[Short text fragments from websites]
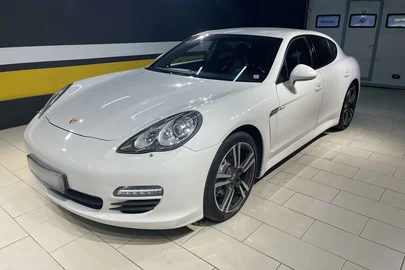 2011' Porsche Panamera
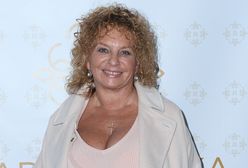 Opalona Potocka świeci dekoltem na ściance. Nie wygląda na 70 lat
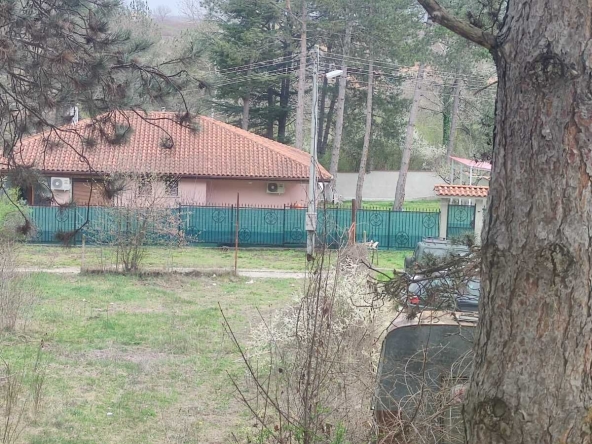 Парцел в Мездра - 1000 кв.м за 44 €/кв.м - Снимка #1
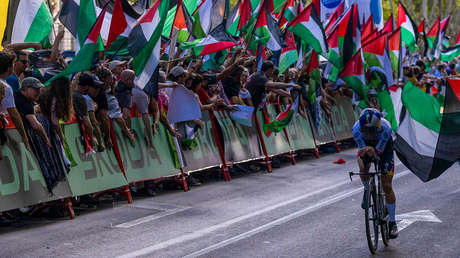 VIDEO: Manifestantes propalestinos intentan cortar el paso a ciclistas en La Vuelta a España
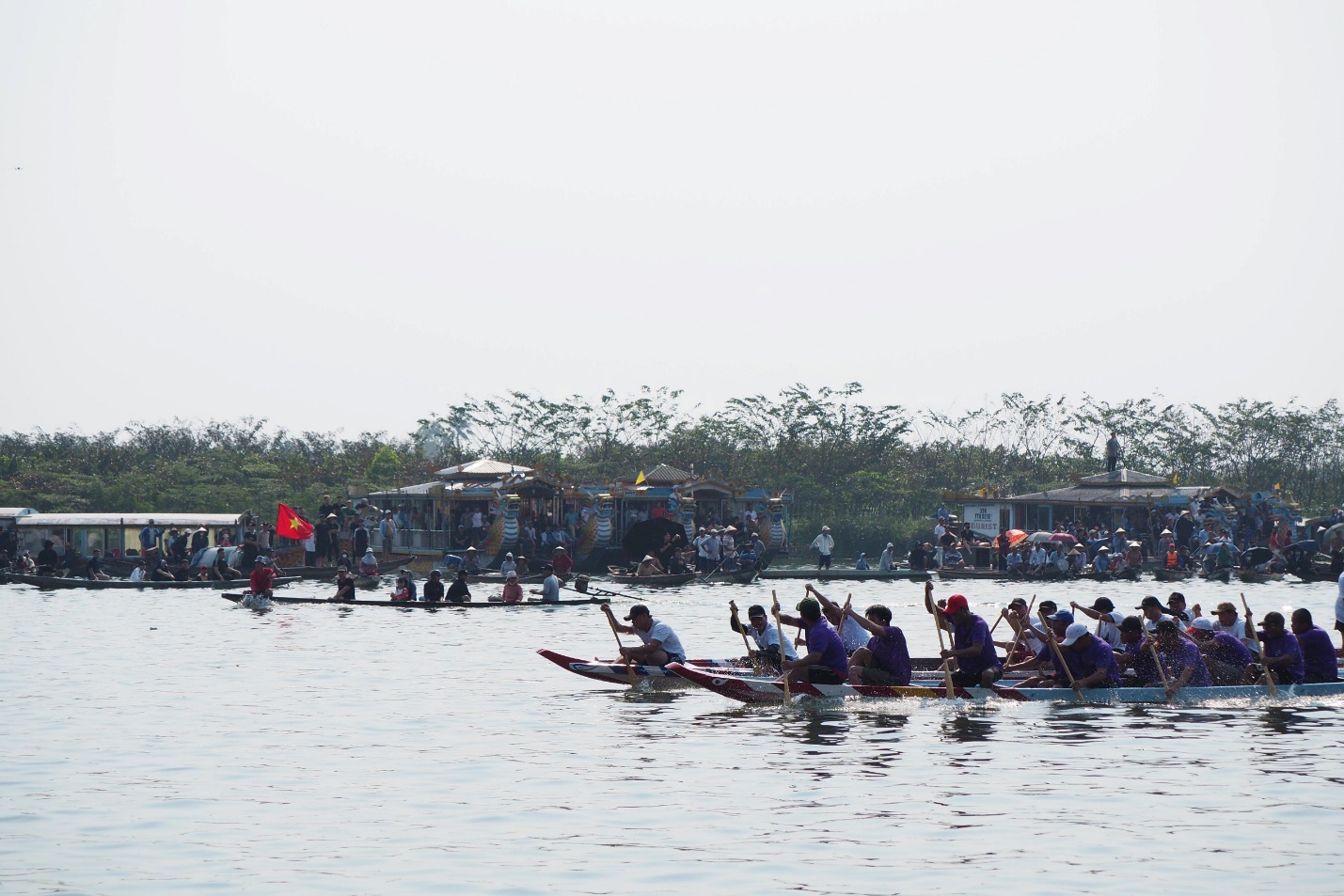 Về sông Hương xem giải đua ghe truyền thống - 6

--

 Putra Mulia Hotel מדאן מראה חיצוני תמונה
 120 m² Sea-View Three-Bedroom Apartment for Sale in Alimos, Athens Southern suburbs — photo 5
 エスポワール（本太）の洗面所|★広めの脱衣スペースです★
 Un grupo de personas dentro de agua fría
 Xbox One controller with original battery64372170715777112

**Problem requirements:**
Working from the data above, repeat exactly, and only, the lines that begin at the line containing "2011' Porsche Panamera" and stop after the line containing "VIDEO: Manifestantes propalestinos"; pictures are not copied.

**Response to this task:**
 2011' Porsche Panamera
 Opalona Potocka świeci dekoltem na ściance. Nie wygląda na 70 lat
 Парцел в Мездра - 1000 кв.м за 44 €/кв.м - Снимка #1
 VIDEO: Manifestantes propalestinos intentan cortar el paso a ciclistas en La Vuelta a España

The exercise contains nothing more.